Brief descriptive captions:

————

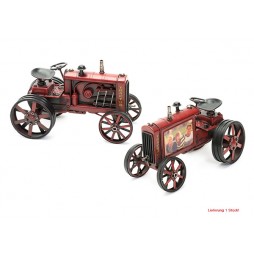 Traktor rot aus Metall mit Fotorahmen Größe ca. 25x15x18,5 cm - Antike Deko
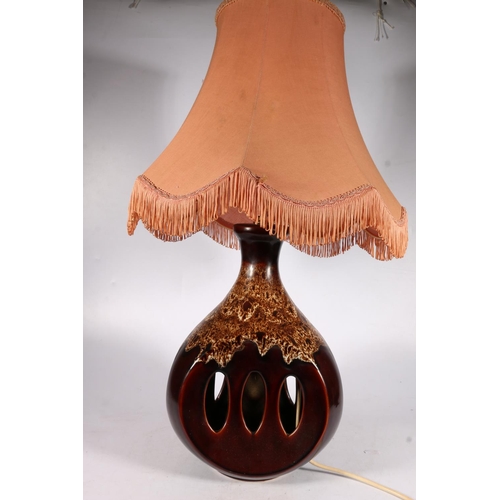 618 - Mid-century West German fat lava style pottery lamp in the form of a Haig's Dimple bottle with brown... 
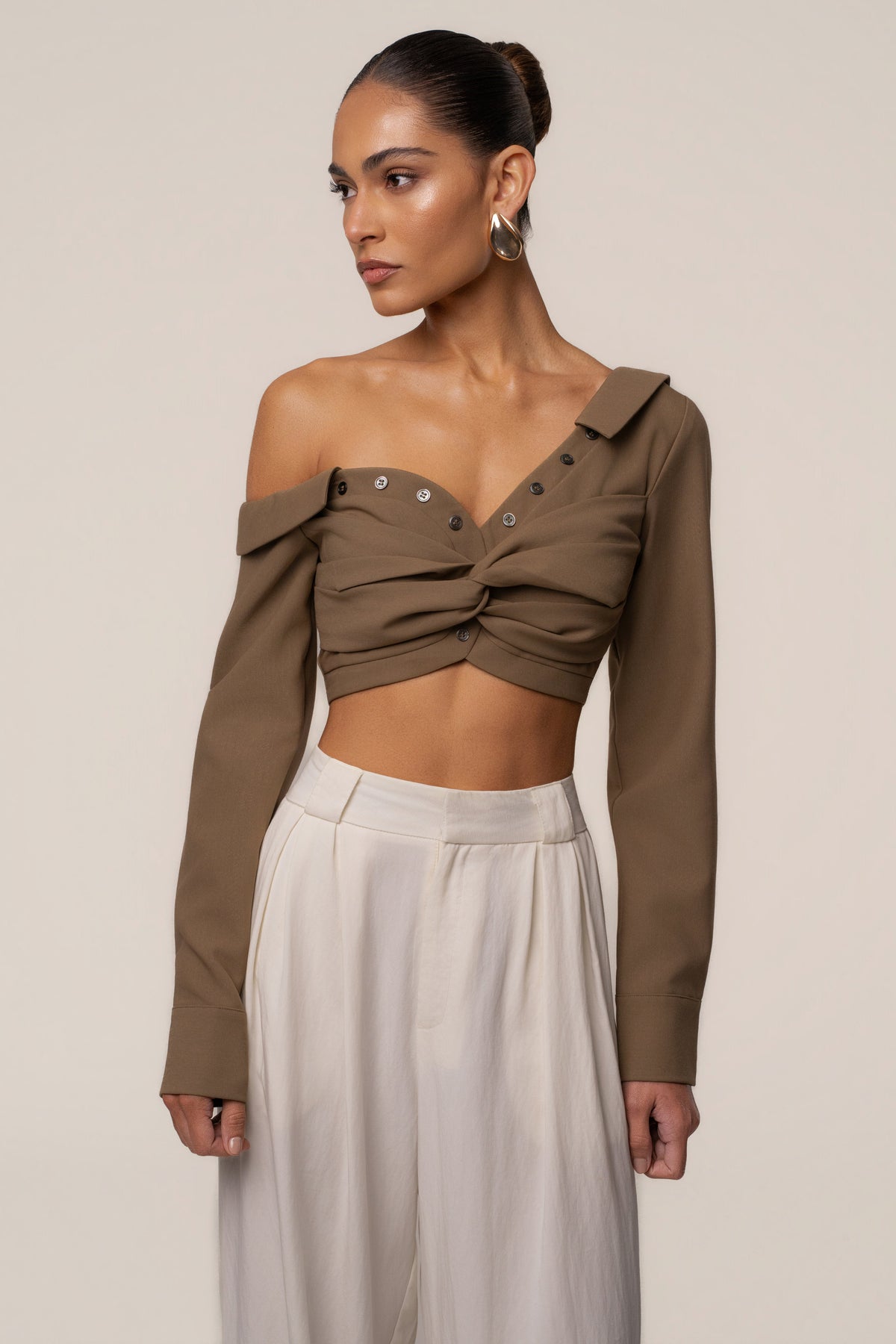 Olive Off-Shoulder Twist Crop Top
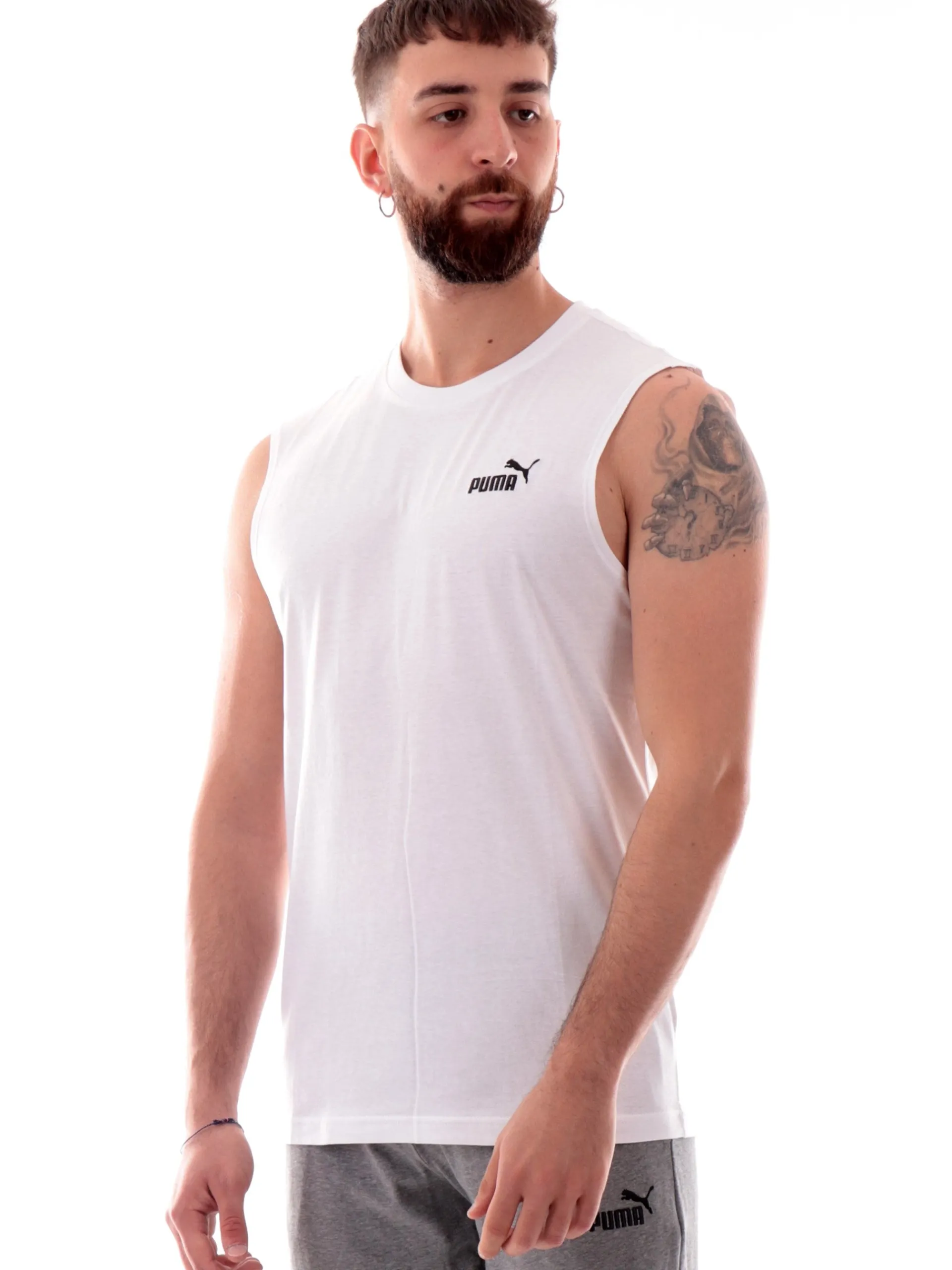 PUMA Maglie*Canotta bianca girocollo da uomo logo a contrasto 682626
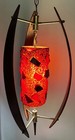 Vintage Mcm 60s Acrylic Wood Hanging Swag Lamp Light Fixture Mid Century Modern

————

What is needed is an exact repeat of the lines from the one containing "Olive Off-Shoulder Twist Crop Top" through the last line of the records above, both included, with pictures left out.

 Olive Off-Shoulder Twist Crop Top
 PUMA Maglie*Canotta bianca girocollo da uomo logo a contrasto 682626
 Vintage Mcm 60s Acrylic Wood Hanging Swag Lamp Light Fixture Mid Century Modern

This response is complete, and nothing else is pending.